The legislative history of the amendment makes clear that the drafters sought to provide the seat of government of the United States, the District of Columbia, with the same method of selecting presidential electors in the Electoral College as the states employed to select their presidential electors. The legislative history also reveals that some of the key drafters were ignorant of the relevant constitutional history concerning the manner in which the states had selected their presidential electors. Early in U.S. history, some states chose electors by district, others by the state legislature, and others by a “winner-take-all” system. Despite this confusion, the Twenty-third Amendment clearly provides Congress the same leeway as the state legislatures in enacting the electoral vote selection procedures for the District.

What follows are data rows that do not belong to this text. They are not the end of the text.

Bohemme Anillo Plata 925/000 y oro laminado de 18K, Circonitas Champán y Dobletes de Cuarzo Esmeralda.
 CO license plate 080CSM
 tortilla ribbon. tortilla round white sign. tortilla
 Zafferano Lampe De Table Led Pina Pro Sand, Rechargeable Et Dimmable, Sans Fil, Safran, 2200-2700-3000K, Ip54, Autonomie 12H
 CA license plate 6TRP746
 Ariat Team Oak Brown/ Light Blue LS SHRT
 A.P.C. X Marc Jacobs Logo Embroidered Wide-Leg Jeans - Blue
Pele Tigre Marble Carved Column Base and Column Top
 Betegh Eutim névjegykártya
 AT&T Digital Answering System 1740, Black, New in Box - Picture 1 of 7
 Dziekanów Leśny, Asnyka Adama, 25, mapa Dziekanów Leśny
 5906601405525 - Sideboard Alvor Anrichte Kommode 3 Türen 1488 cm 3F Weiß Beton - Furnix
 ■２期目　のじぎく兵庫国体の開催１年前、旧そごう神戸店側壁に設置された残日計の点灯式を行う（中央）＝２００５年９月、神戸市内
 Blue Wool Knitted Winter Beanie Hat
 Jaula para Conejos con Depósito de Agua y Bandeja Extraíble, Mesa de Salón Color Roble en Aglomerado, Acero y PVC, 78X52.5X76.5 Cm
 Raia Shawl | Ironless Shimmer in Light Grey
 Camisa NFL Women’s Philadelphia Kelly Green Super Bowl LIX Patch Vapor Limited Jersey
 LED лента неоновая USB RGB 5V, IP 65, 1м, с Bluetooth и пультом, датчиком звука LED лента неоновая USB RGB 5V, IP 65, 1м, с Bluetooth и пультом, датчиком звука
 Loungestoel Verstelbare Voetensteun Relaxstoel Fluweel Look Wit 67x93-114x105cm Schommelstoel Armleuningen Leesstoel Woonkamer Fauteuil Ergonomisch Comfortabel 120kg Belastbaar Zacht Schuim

The amendment contains some sui generis provisions. The amendment expressly caps the District’s electoral votes at the number equal to the least populous state. This, in effect, provides the District with three electoral votes regardless of the population of the District. In addition, because the parallel constitutional provisions grant the respective state legislatures with plenary power over the method of selection of the presidential electors, a like power was necessarily given to Congress. The legislative history notes that “the language follows closely, insofar as it is applicable, the language of article II of the constitution.”
Although not constitutionally required, Congress, by statute, has adopted a winner-take-all system, in which the winner of the plurality of votes receives all of the District’s presidential electors. Such winner-take-all systems have been enacted in all fifty states except for Maine and Nebraska. Recently, controversies over the Twenty-third Amendment have arisen as part of efforts for District statehood or to provide the District with representation in the federal legislature. For example, if Congress, by statute, accepted the District of Columbia as the State of New Columbia, and the present “seat of government of the United States” was not eliminated but reduced to a small federal enclave containing the White House and the federal Mall, what would become of the Twenty-third Amendment?
Many District-statehood and District–voting-rights proponents generally seek to avoid amending the Constitution because of the difficulties of obtaining congressional approval and state ratification. They contend that the Twenty-third Amendment would become a “dead letter” without the necessity of formal repeal by constitutional amendment, because there would be virtually no residents left in the federal enclave. On the other hand, “the Seat of Government of the United States,” the entity designated in the amendment to receive electoral votes, would still exist in its geographically reduced form. That constitutional entity, absent constitutional repeal, would still be constitutionally entitled to the electoral votes under the Twenty-third Amendment. Any congressional effort to repeal the enabling legislation, but not to repeal the Twenty-third Amendment, would likely face constitutional difficulty. For example, the concept that any constitutional provision can be deemed a “dead letter” by legislation runs contrary to basic principles of the American constitutional structure. Additionally, such a scenario could imply that a state legislature could exercise like authority and act to disenfranchise its citizens from participation in the Electoral College.
For decades, these concerns seemed academic and hypothetical. However, the 2000 presidential election and the controversy over Florida’s electoral votes renewed focus on a state’s constitutional prerogatives concerning the manner and selection of presidential electors. Those constitutional developments necessarily inform Congress’s parallel obligations under the Twenty-third Amendment.